If you will allow me a few moments, I would like to describe my work in bringing SHAKSPER to you and then to ask for your assistance on my upcoming Shakespeare Association of America seminar paper.

I am currently a Professor of English and Interim Chair of the Department of English and Modern Languages at Bowie State University. Founded in 1865, Bowie State, an historically black institution, is a member of the University of Maryland System. It is a regional comprehensive university of more than 5,000 students, offering 20 undergraduate majors and 13 graduate programs with a graduate program in English that is under girded by Humanities Computing in its final stages of approval. Faculty at UMS regional comprehensives have a four course per semester teaching load; chairs have a fifty percent reduction. So I currently teach two courses per semester, chair the largest department in the School of Arts and Sciences, continue to prepare my edition of Shakespeare's *Poems* for the Internet Shakespeare Editions, produce four Table of Contents columns and the Summer Festivals List for *The Shakespeare Newsletter*, serve on a number of boards, and spend approximately one hour a day working on SHAKSPER. I also DO have a family, which includes my wife and teenage and three-year-old daughters.

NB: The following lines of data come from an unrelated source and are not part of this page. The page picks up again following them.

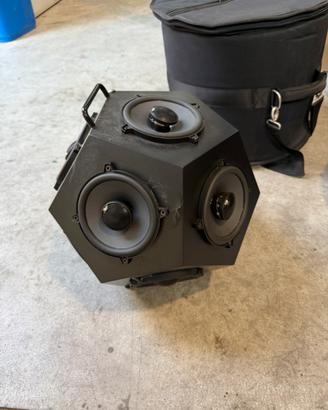 Cassa acustica dodecaedro 1000w (no bose no apple)
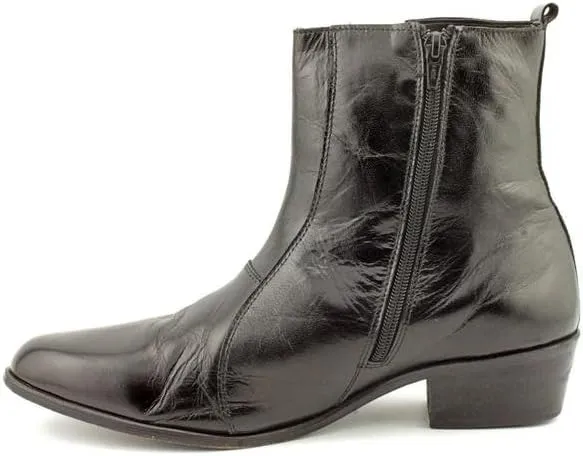 Stacy Adams Men's Santos Plain-Toe Side Zipper Boot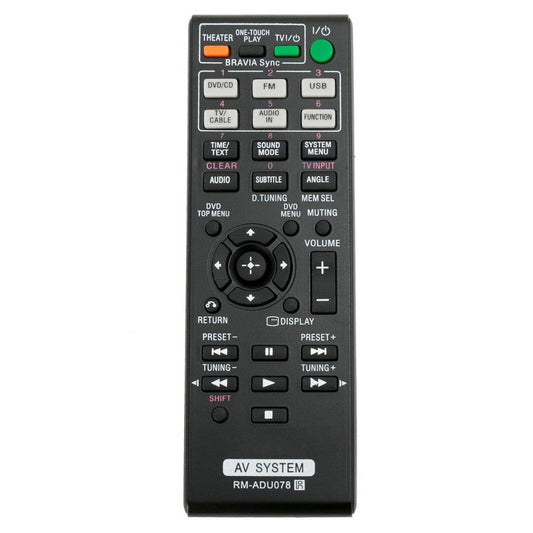 New RM-ADU078 Remote Control Compatible for Sony HCD-DZ610 DAV-DZ170 DAV-DZ171 DAV-DZ175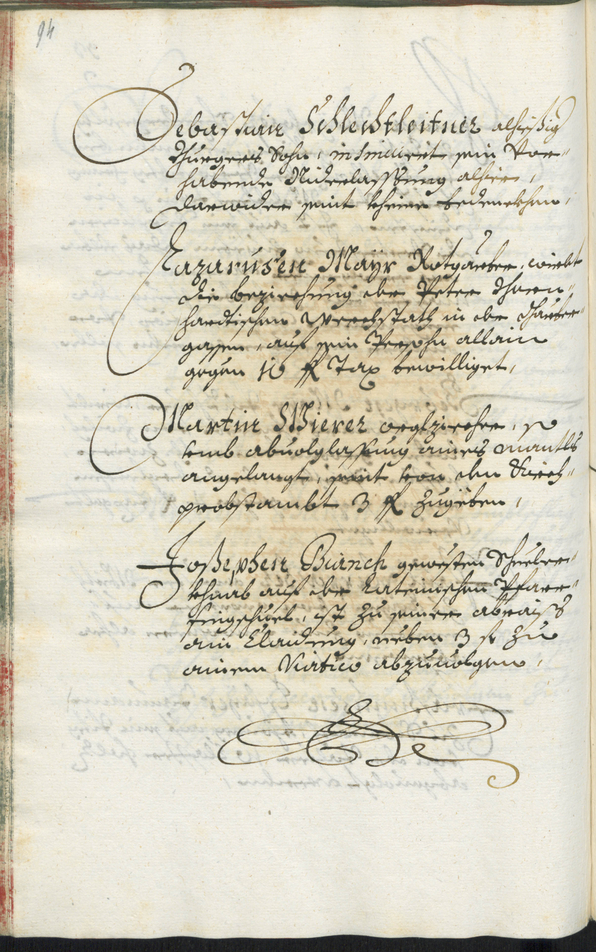 Civic Archives of Bozen-Bolzano - BOhisto Ratsprotokoll 1689/91 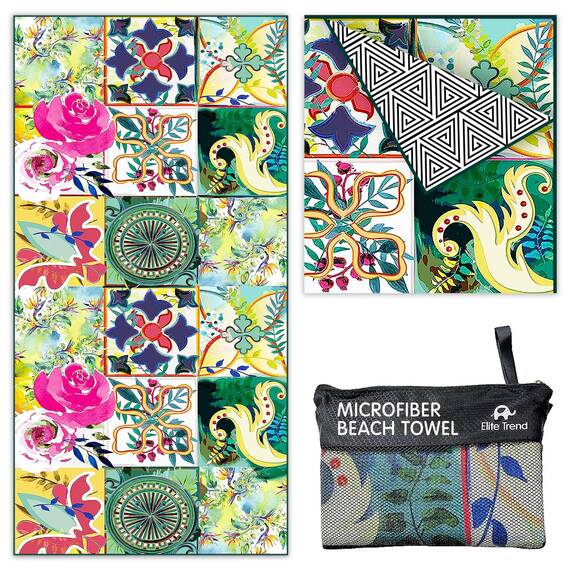 Schnell trocknendes Handtuch, extra groß, Waffelmuster, 200 x 89 cm, Mikrofaser-Strandtuch, perfekt für Strand, Reisen, Schwimmen, Pool, Yoga, Wandern, Camping – leicht, schnell trocknend, kompakt für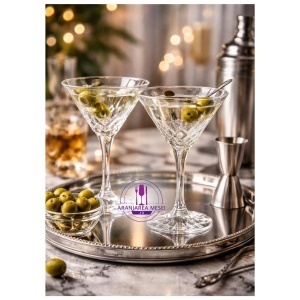 BRIXTON Set 6 pahare cristal Bohemia martini 280 ml
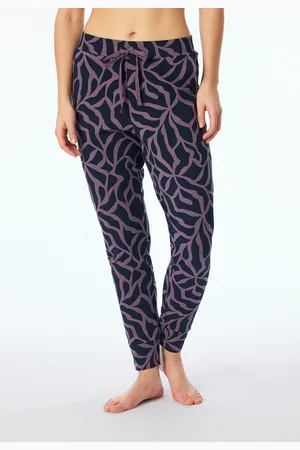 Schiesser Loungebroek "Mix+Relax" met opvallend printmotief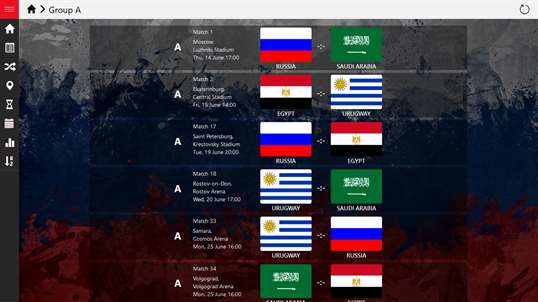 Russia 2018 Schedule screenshot 8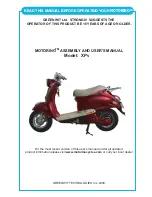 Preview for 1 page of Greenwit MOTORINO XPv User Manual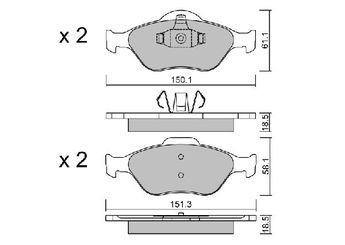 Fren Disk Balata Ön AYD 60037A  MEYS6J2K021DF T2K021 1101462 1101463 1101464 1128463 1145299 1206064 1236880 1521328 1783839 1911169 2S612K021AA MEY96J2K021DD MEYS6J2K021DD MEYS6J2K021DE XS4Q8K579DA YS612K021CA YS612K021DA YS6J2K021DA YS6J2K021DB YS6J2K021DC 1E073323Z 1E07-33-23Z 1E103323X 1E10-33-23X 1E103323Z 1E10-33-23Z D3Y03328ZA D3Y0-33-28ZA D3Y03328ZB D3Y0-33-28ZB D3Y03328ZC D3Y0-33-28ZC DDY23328Z DDY2-33-28Z DDY23328Z9C DDY2-33-28Z9C DDY23328ZA DDY2-33-28ZA DDY23328ZA9C DDY2-33-28ZA9C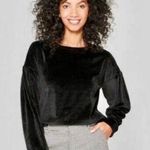 A New Day Velour Crewneck Sweater Photo 0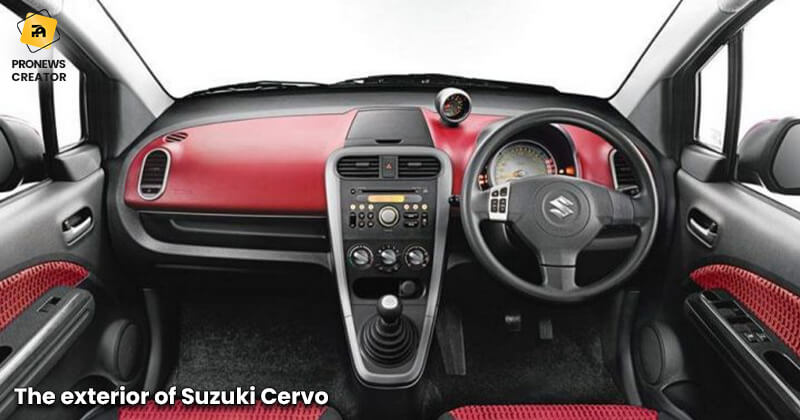Interior of Suzuki Cervo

Most of my work for SHAKSPER involves preparing the digests, into which I group related messages. Each digest has a header and a table of contents. The table of contents includes the name and e-mail address of the person making the submission, the date of the submission, and the subject of the submission. I also lightly edit the submissions principally to keep a consistent look and feel. This light editing includes occasionally correcting typos, deleting emoticons and Internet-speak abbreviations, reducing signatures to the barest essentials, and so on.

Many SHAKSPER files require regular updating: some daily, some weekly, some monthly, and other when needed. This updating of files is just one of the tasks of maintaining the SHAKSPER file server.

SHAKSPER is not open to automatic subscription and prospective members are requested to supply brief autobiographies of themselves. Thus, another part of my work for SHAKSPER includes adding and deleting members and maintaining the biography and membership files. I also respond to personal inquires and attend to technical problems associated with running a listserv.

One might reasonable ask why I spend so much time on these tasks. The easy answer is that I normally enjoy what I do; however, there is also the issue that the work is important to me because I have such low tolerance for un-moderated discussion groups and I am concerned with the product itself.

My moderation brings to the membership organized digests with a consistent format, yet approximately once a year someone complains of the quality of some of the submissions. One such complaint arrived a few weeks ago and I will post it as the next digest of this year, but I want to add that naive questions from non-academics have provoked some of our most memorable threads. This meta-issue about the nature of the Conference poses a dilemma for me - the works of Shakespeare are appealing in ways that perhaps no other body of literature is. Thus, as much as I want SHAKSPER to be an exclusively academic list, many non-academics compose its membership. One way that I responded to my dilemma was to announce on Friday, April 26, 1996, my intention of forming a SHAKSPER Advisory Board (SHK 7.0320). At that time, I wrote the following:

I have been slow in making any changes in the manner in which SHAKSPER operates, but circumstances are such that I now feel a change is in order.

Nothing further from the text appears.